Nous savons qu'il importe que la transition énergétique s'appuie sur les caractéristiques propres à chaque territoire sur la base d'un objectif commun, consistant à atteindre à terme l'autonomie énergétique. Aujourd'hui, les outils sont en place et il appartient aux territoires et aux acteurs de s'en saisir pour agir, notamment en matière d'économie circulaire, d'économies d'énergie et de développement des énergies renouvelables. Des collectivités comme la Nouvelle-Calédonie et la Polynésie ont la responsabilité de fixer leurs propres objectifs. L'État peut les accompagner dans cette démarche, et je tiens à saluer le travail des autorités polynésiennes, qui ont élaboré un plan Climat Énergie extrêmement intéressant, qui fixe un objectif de 50 % d'énergies renouvelables en Polynésie d'ici à 2020. La Polynésie possède tous les atouts pour atteindre cet objectif. Je me souviens avoir visité une petite île polynésienne sur laquelle se trouvait un très bel hôtel, malheureusement abandonné en raison du coût de l'énergie nécessaire à son fonctionnement. Il nous a été dit que cet hôtel pourrait rouvrir si l'on trouvait le moyen d'utiliser des énergies renouvelables pour l'alimenter. Je pense que ce cas est loin d'être unique et que, si l'on veut développer un tourisme durable, il faut le faire en recourant aux énergies renouvelables.

Je sais que le gouvernement calédonien souhaite également s'engager dans une démarche de réduction des émissions de gaz à effet de serre, et nous ne pouvons que l'y encourager.

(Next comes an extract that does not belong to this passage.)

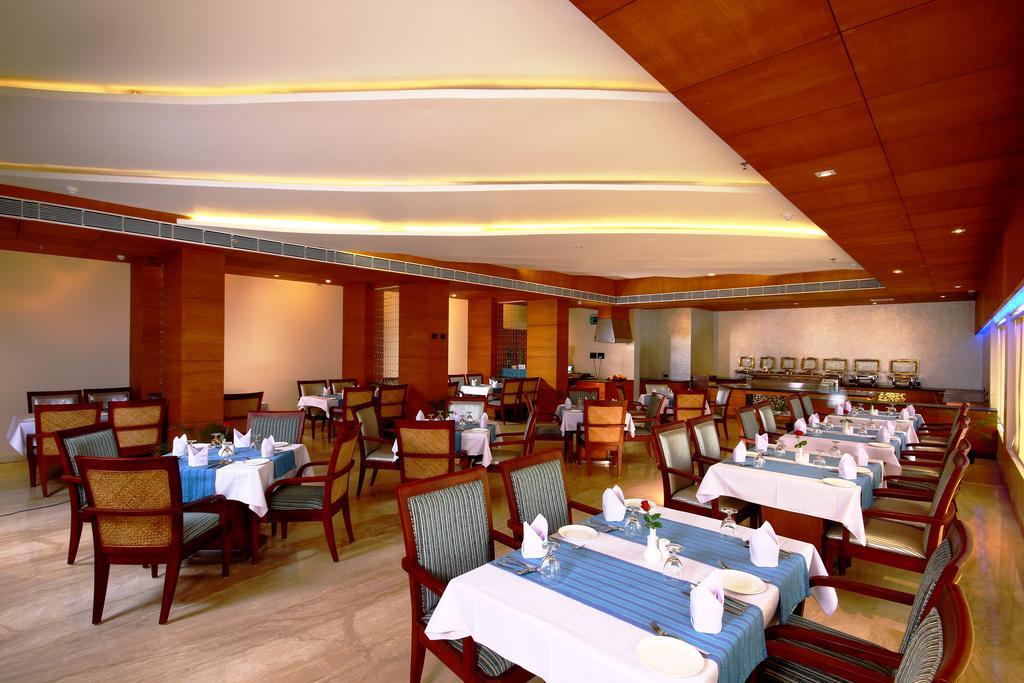 Diana Heights Luxury Hotel Nedumbassery Exterior photo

En effet, la Nouvelle-Calédonie présente une situation particulière : si globalement, elle est assez peu émettrice de gaz à effet de serre, elle présente un niveau d'émission par personne extrêmement élevé.

Comme vous le voyez, nous sommes au coeur des problématiques qui vont mobiliser les États lors de la préparation de ce grand moment qu'est la COP21. Les territoires d'outre-mer sont en pointe sur ces sujets et doivent être présents lors de la Conférence. Ils se sont mobilisés pour fédérer leur voisinage : une conférence Caraïbe Climat s'est tenue à la Martinique en mai dernier, et un sommet des dirigeants dans le Pacifique en juillet dernier. Enfin, je me suis rendue récemment en Papouasie-Nouvelle-Guinée pour le Forum des Îles du Pacifique. Nous allons réunir un sommet France-Océanie le 26 novembre prochain, à la veille de la COP21, pour répondre à la préoccupation des petits États du Pacifique, que toute montée des eaux menace directement.

Nous allons faire en sorte que les problématiques des outre-mer soient bien représentées dans le cadre de la COP21, et je sais qu'une zone leur sera réservée au sein du pavillon France. Pour relayer avec force leur message, nous organisons le 15 octobre prochain un séminaire sur les outre-mer face au changement climatique, afin d'élaborer un agenda des solutions pour les outre-mer. Je remercie ceux d'entre vous qui ont manifesté leur intention de s'y rendre, car nous avons besoin de mettre en lumière les initiatives et les projets ultramarins qui contribuent d'ores et déjà à l'adaptation au changement climatique.